[Critique Rentrée littéraire 2022] Pour son vingtième roman, le roi du best-seller français ne change pas sa recette – qui gagne ! – et donne à lire un thriller aussi simple que diablement efficace. Avec toujours la même obsession : le plaisir du lecteur.
On pourrait appeler ça le « paradoxe Musso » : acclamé partout dans le monde, suscitant les éloges du New York Times aux États-Unis ou d’El Mundo en Espagne, consacré l’année dernière, à la suite de géants comme Roberto Saviano, Margaret Atwood ou encore Henning Mankell, par le prestigieux prix italien Raymond Chandler qui récompense les maîtres du suspense, le romancier suscite pourtant le plus souvent l’indifférence – voire le sarcasme – de la part de la critique française.

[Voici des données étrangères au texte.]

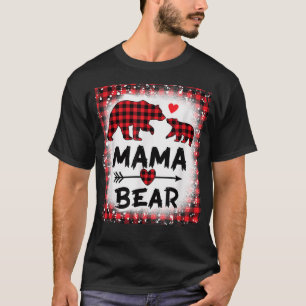 Camiseta Bleached Mama Bear Xmas Funny Family Navidades Paj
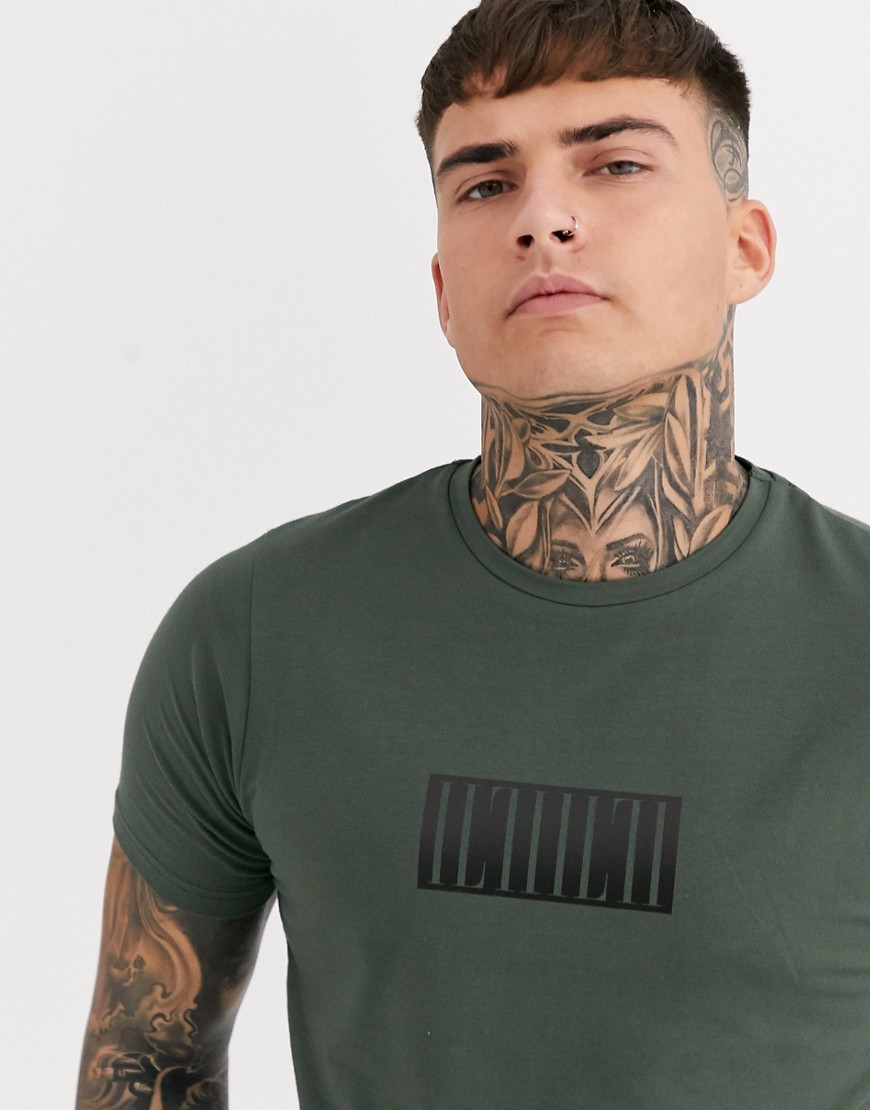 Il Sarto - T-shirt med bokslogo-Grøn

Mais Guillaume Musso n’est pas homme à se laisser briser dans son élan romanesque. Livre après livre, faisant fi des médisants sans broncher, il a tissé au fil des années un lien unique avec ses lecteurs et ses lectrices. Car, chaque année depuis plus de dix ans, loin devant ses concurrents, il est l’auteur le plus lu en France, porte-étendard d’une littérature qui continue, contre vents et marées, à séduire les foules.
Les thrillers de l’intime
Avec Angélique, son vingtième roman à paraître le 20 septembre, il se fait une nouvelle fois le chantre d’un thriller de l’intime qui puise sa noirceur et son suspense dans la collision de vies fracassées. En trois parties qui donnent tour à tour la parole aux protagonistes d’une bien étrange affaire, il nous aspire dans un véritable tourbillon romanesque.

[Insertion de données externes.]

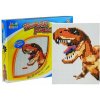 shumee Veľká mozaika s farebnými špendlíkmi s dinosaurami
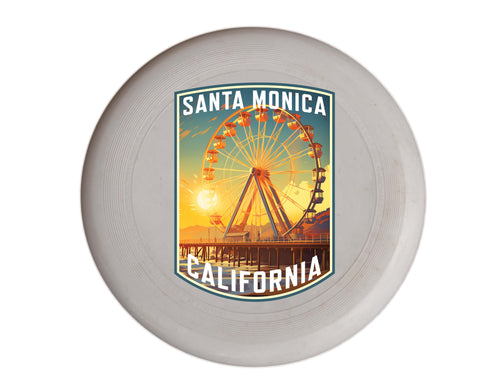Santa Monica California Design C Souvenir Frisbee Flying Disc Single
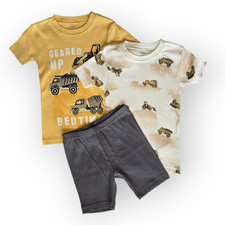 NWT Carter's Toddler Boys 3-Piece Construction Print Snug Fit Cotton Pajamas, 3T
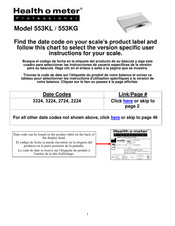 Health O Meter 553KG Manual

D’abord, un huis clos théâtral dans une chambre d’hôpital où l’on croise une dénommée Louise Collange, jeune bénévole à la gueule d’ange qui semble dissimuler un lourd secret. Puis un roman noir à la première personne dans la tête d’Angélique Charvet, une femme aussi désespérée que diabolique qui va commettre l’irréparable dans l’espoir d’une autre vie. Enfin, un thriller à suspense et un combat contre le mal mené par Mathias Taillefer, un ancien flic rongé par ses propres démons. Le lecteur est ainsi trimballé, prisonnier volontaire, dans un dédale assez jubilatoire où les histoires s’entremêlent à loisir, ricochent, puis fusionnent dans un final dramatique.
Creuser la veine romanesque
Rythme effréné, phrases simples : l’alliage salutaire du roman populaire. Il n’y a rien de surprenant à voir Guillaume Musso affirmer fièrement son allégeance à Patricia Highsmith. Angélique résonne comme un écho lointain à son génial Monsieur Ripley. Tous deux racontent le sentiment humain, trop humain, de ne pas être à sa place, ou plutôt de ne pas la trouver. Tous deux mettent en scène un crescendo fatal dans lequel le ressentiment, la souffrance et la colère s’accumulent jusqu’à ce qu’on ne puisse plus les supporter et qu’on soit prêt à tout pour enfin exister. Surtout, le roi du best-seller français et la maîtresse du polar anglais partagent une même vision. Plus que de jouer aux alchimistes du verbe, ils creusent une veine romanesque qui vise à l’efficacité.
Un gros mot qui, en littérature, peut heurter, et qui charrie avec lui son lot de défauts, comme une certaine tendance à la caricature – certains effets de manches hasardeux et des ressorts dramatiques et émotionnels trop appuyés –, mais qui porte en elle une noble priorité, celle de sans cesse divertir, sans cesse enchanter.